**Aim of the task**.
Transcribe, exactly and without pictures, the lines below from the line with "So guys, I hope" to the line with "So this nail", both ends included, and no others.

**Record extracts**.
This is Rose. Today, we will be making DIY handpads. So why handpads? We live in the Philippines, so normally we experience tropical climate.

==

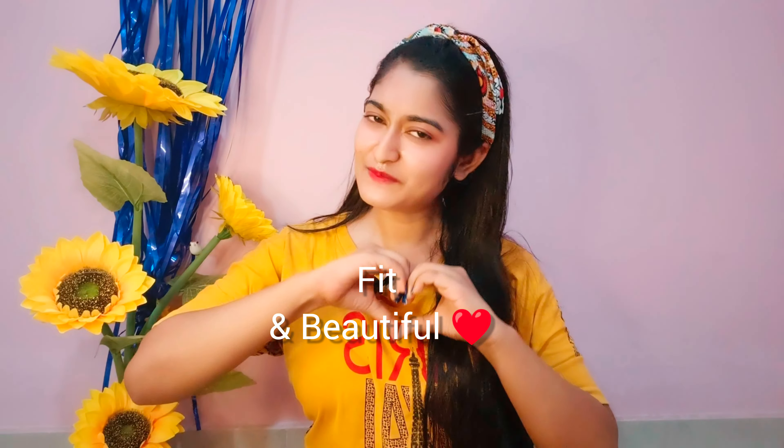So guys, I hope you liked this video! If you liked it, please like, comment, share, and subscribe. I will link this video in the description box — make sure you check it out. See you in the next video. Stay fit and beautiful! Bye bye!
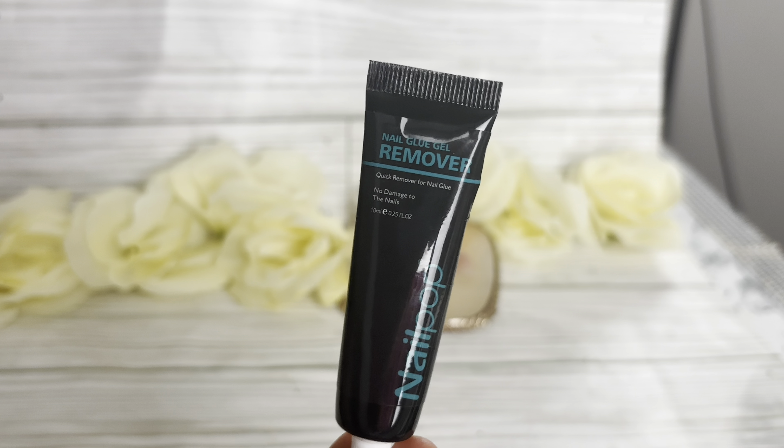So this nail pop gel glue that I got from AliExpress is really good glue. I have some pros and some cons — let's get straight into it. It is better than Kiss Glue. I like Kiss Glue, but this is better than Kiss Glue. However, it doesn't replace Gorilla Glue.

**Answer for this exercise**.
So guys, I hope you liked this video! If you liked it, please like, comment, share, and subscribe. I will link this video in the description box — make sure you check it out. See you in the next video. Stay fit and beautiful! Bye bye!
So this nail pop gel glue that I got from AliExpress is really good glue. I have some pros and some cons — let's get straight into it. It is better than Kiss Glue. I like Kiss Glue, but this is better than Kiss Glue. However, it doesn't replace Gorilla Glue.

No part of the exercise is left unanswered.